▶ [WHAT THE TASK ASKS]:
Could you retype all of the entries below word for word?

== RECORDS PROVIDED

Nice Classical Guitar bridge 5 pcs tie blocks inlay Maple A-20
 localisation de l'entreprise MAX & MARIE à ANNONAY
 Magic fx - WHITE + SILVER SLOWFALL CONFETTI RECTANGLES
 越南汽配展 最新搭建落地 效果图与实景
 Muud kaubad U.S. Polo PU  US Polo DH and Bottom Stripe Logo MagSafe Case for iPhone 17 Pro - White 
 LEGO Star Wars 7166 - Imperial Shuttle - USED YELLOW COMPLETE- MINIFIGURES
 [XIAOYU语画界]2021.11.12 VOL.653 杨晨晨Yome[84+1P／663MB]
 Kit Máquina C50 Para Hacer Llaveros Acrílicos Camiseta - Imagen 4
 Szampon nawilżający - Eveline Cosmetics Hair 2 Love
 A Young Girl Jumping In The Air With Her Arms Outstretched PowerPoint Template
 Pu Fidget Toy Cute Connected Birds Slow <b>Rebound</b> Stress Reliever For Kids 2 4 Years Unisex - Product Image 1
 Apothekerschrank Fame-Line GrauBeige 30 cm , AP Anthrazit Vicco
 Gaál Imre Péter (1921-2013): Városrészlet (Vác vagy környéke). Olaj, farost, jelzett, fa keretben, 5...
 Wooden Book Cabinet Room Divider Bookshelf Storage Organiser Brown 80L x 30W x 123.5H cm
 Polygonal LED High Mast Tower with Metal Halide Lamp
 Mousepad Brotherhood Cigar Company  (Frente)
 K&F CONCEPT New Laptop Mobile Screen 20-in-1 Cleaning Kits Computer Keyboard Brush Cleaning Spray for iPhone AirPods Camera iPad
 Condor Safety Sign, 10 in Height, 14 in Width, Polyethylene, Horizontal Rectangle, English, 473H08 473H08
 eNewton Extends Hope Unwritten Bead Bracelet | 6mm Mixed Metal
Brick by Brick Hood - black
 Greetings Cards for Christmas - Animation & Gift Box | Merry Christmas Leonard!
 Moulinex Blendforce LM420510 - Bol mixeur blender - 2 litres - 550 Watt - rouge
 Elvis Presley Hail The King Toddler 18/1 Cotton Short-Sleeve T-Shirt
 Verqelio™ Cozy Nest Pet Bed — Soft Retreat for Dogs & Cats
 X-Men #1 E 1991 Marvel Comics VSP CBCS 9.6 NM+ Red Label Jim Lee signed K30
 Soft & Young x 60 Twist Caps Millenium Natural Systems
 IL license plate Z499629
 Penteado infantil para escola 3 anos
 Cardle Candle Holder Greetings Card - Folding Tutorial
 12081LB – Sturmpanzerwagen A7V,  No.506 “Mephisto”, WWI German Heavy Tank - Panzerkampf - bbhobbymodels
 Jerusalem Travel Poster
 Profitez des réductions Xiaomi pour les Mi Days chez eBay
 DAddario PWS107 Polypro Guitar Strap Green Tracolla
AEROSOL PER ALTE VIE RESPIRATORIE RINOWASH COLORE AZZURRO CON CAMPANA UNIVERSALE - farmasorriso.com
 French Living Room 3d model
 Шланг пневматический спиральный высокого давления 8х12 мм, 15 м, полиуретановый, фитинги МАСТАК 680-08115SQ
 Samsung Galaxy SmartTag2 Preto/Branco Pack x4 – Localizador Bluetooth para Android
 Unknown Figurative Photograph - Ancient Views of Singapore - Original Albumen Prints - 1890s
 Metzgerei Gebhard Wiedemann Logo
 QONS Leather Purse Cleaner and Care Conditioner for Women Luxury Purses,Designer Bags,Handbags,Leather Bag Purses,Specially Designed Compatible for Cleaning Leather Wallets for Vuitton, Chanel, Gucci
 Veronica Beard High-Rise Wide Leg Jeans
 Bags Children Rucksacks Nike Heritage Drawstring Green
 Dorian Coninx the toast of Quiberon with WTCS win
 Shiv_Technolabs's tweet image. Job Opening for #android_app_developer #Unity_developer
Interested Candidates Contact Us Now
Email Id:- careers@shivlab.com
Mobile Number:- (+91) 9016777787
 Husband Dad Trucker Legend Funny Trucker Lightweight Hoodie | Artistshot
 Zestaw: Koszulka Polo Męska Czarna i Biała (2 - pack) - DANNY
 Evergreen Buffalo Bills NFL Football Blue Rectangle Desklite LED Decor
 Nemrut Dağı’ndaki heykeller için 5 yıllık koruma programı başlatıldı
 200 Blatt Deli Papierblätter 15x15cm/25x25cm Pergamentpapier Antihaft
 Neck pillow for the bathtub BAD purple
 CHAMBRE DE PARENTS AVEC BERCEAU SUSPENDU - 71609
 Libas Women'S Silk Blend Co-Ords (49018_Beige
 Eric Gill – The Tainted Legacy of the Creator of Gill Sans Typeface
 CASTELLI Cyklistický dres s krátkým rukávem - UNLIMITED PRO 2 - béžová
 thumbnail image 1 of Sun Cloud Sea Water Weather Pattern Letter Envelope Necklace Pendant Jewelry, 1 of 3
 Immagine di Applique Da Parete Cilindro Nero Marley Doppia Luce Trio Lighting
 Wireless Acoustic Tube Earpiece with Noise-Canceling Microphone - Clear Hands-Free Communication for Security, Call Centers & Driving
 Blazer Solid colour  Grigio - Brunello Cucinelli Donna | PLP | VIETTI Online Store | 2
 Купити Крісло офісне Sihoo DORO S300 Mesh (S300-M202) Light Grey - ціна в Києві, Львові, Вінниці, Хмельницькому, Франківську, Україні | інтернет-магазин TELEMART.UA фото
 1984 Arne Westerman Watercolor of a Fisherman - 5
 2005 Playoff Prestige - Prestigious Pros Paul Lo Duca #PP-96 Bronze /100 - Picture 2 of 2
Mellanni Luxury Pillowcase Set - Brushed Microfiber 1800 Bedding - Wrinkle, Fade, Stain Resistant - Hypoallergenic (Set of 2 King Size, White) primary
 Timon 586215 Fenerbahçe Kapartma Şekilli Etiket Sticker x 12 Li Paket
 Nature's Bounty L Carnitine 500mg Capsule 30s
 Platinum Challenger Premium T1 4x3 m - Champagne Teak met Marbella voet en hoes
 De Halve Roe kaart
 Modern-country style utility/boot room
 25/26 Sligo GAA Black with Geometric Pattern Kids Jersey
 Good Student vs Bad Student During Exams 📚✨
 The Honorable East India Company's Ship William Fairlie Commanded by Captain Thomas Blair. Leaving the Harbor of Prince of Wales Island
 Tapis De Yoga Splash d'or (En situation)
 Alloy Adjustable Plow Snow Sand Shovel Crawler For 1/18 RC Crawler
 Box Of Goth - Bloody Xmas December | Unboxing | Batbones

====

▶ [EXERCISE SOLUTION]:
Nice Classical Guitar bridge 5 pcs tie blocks inlay Maple A-20
 localisation de l'entreprise MAX & MARIE à ANNONAY
 Magic fx - WHITE + SILVER SLOWFALL CONFETTI RECTANGLES
 越南汽配展 最新搭建落地 效果图与实景
 Muud kaubad U.S. Polo PU  US Polo DH and Bottom Stripe Logo MagSafe Case for iPhone 17 Pro - White 
 LEGO Star Wars 7166 - Imperial Shuttle - USED YELLOW COMPLETE- MINIFIGURES
 [XIAOYU语画界]2021.11.12 VOL.653 杨晨晨Yome[84+1P／663MB]
 Kit Máquina C50 Para Hacer Llaveros Acrílicos Camiseta - Imagen 4
 Szampon nawilżający - Eveline Cosmetics Hair 2 Love
 A Young Girl Jumping In The Air With Her Arms Outstretched PowerPoint Template
 Pu Fidget Toy Cute Connected Birds Slow <b>Rebound</b> Stress Reliever For Kids 2 4 Years Unisex - Product Image 1
 Apothekerschrank Fame-Line GrauBeige 30 cm , AP Anthrazit Vicco
 Gaál Imre Péter (1921-2013): Városrészlet (Vác vagy környéke). Olaj, farost, jelzett, fa keretben, 5...
 Wooden Book Cabinet Room Divider Bookshelf Storage Organiser Brown 80L x 30W x 123.5H cm
 Polygonal LED High Mast Tower with Metal Halide Lamp
 Mousepad Brotherhood Cigar Company  (Frente)
 K&F CONCEPT New Laptop Mobile Screen 20-in-1 Cleaning Kits Computer Keyboard Brush Cleaning Spray for iPhone AirPods Camera iPad
 Condor Safety Sign, 10 in Height, 14 in Width, Polyethylene, Horizontal Rectangle, English, 473H08 473H08
 eNewton Extends Hope Unwritten Bead Bracelet | 6mm Mixed Metal
Brick by Brick Hood - black
 Greetings Cards for Christmas - Animation & Gift Box | Merry Christmas Leonard!
 Moulinex Blendforce LM420510 - Bol mixeur blender - 2 litres - 550 Watt - rouge
 Elvis Presley Hail The King Toddler 18/1 Cotton Short-Sleeve T-Shirt
 Verqelio™ Cozy Nest Pet Bed — Soft Retreat for Dogs & Cats
 X-Men #1 E 1991 Marvel Comics VSP CBCS 9.6 NM+ Red Label Jim Lee signed K30
 Soft & Young x 60 Twist Caps Millenium Natural Systems
 IL license plate Z499629
 Penteado infantil para escola 3 anos
 Cardle Candle Holder Greetings Card - Folding Tutorial
 12081LB – Sturmpanzerwagen A7V,  No.506 “Mephisto”, WWI German Heavy Tank - Panzerkampf - bbhobbymodels
 Jerusalem Travel Poster
 Profitez des réductions Xiaomi pour les Mi Days chez eBay
 DAddario PWS107 Polypro Guitar Strap Green Tracolla
AEROSOL PER ALTE VIE RESPIRATORIE RINOWASH COLORE AZZURRO CON CAMPANA UNIVERSALE - farmasorriso.com
 French Living Room 3d model
 Шланг пневматический спиральный высокого давления 8х12 мм, 15 м, полиуретановый, фитинги МАСТАК 680-08115SQ
 Samsung Galaxy SmartTag2 Preto/Branco Pack x4 – Localizador Bluetooth para Android
 Unknown Figurative Photograph - Ancient Views of Singapore - Original Albumen Prints - 1890s
 Metzgerei Gebhard Wiedemann Logo
 QONS Leather Purse Cleaner and Care Conditioner for Women Luxury Purses,Designer Bags,Handbags,Leather Bag Purses,Specially Designed Compatible for Cleaning Leather Wallets for Vuitton, Chanel, Gucci
 Veronica Beard High-Rise Wide Leg Jeans
 Bags Children Rucksacks Nike Heritage Drawstring Green
 Dorian Coninx the toast of Quiberon with WTCS win
 Shiv_Technolabs's tweet image. Job Opening for #android_app_developer #Unity_developer
Interested Candidates Contact Us Now
Email Id:- careers@shivlab.com
Mobile Number:- (+91) 9016777787
 Husband Dad Trucker Legend Funny Trucker Lightweight Hoodie | Artistshot
 Zestaw: Koszulka Polo Męska Czarna i Biała (2 - pack) - DANNY
 Evergreen Buffalo Bills NFL Football Blue Rectangle Desklite LED Decor
 Nemrut Dağı’ndaki heykeller için 5 yıllık koruma programı başlatıldı
 200 Blatt Deli Papierblätter 15x15cm/25x25cm Pergamentpapier Antihaft
 Neck pillow for the bathtub BAD purple
 CHAMBRE DE PARENTS AVEC BERCEAU SUSPENDU - 71609
 Libas Women'S Silk Blend Co-Ords (49018_Beige
 Eric Gill – The Tainted Legacy of the Creator of Gill Sans Typeface
 CASTELLI Cyklistický dres s krátkým rukávem - UNLIMITED PRO 2 - béžová
 thumbnail image 1 of Sun Cloud Sea Water Weather Pattern Letter Envelope Necklace Pendant Jewelry, 1 of 3
 Immagine di Applique Da Parete Cilindro Nero Marley Doppia Luce Trio Lighting
 Wireless Acoustic Tube Earpiece with Noise-Canceling Microphone - Clear Hands-Free Communication for Security, Call Centers & Driving
 Blazer Solid colour  Grigio - Brunello Cucinelli Donna | PLP | VIETTI Online Store | 2
 Купити Крісло офісне Sihoo DORO S300 Mesh (S300-M202) Light Grey - ціна в Києві, Львові, Вінниці, Хмельницькому, Франківську, Україні | інтернет-магазин TELEMART.UA фото
 1984 Arne Westerman Watercolor of a Fisherman - 5
 2005 Playoff Prestige - Prestigious Pros Paul Lo Duca #PP-96 Bronze /100 - Picture 2 of 2
Mellanni Luxury Pillowcase Set - Brushed Microfiber 1800 Bedding - Wrinkle, Fade, Stain Resistant - Hypoallergenic (Set of 2 King Size, White) primary
 Timon 586215 Fenerbahçe Kapartma Şekilli Etiket Sticker x 12 Li Paket
 Nature's Bounty L Carnitine 500mg Capsule 30s
 Platinum Challenger Premium T1 4x3 m - Champagne Teak met Marbella voet en hoes
 De Halve Roe kaart
 Modern-country style utility/boot room
 25/26 Sligo GAA Black with Geometric Pattern Kids Jersey
 Good Student vs Bad Student During Exams 📚✨
 The Honorable East India Company's Ship William Fairlie Commanded by Captain Thomas Blair. Leaving the Harbor of Prince of Wales Island
 Tapis De Yoga Splash d'or (En situation)
 Alloy Adjustable Plow Snow Sand Shovel Crawler For 1/18 RC Crawler
 Box Of Goth - Bloody Xmas December | Unboxing | Batbones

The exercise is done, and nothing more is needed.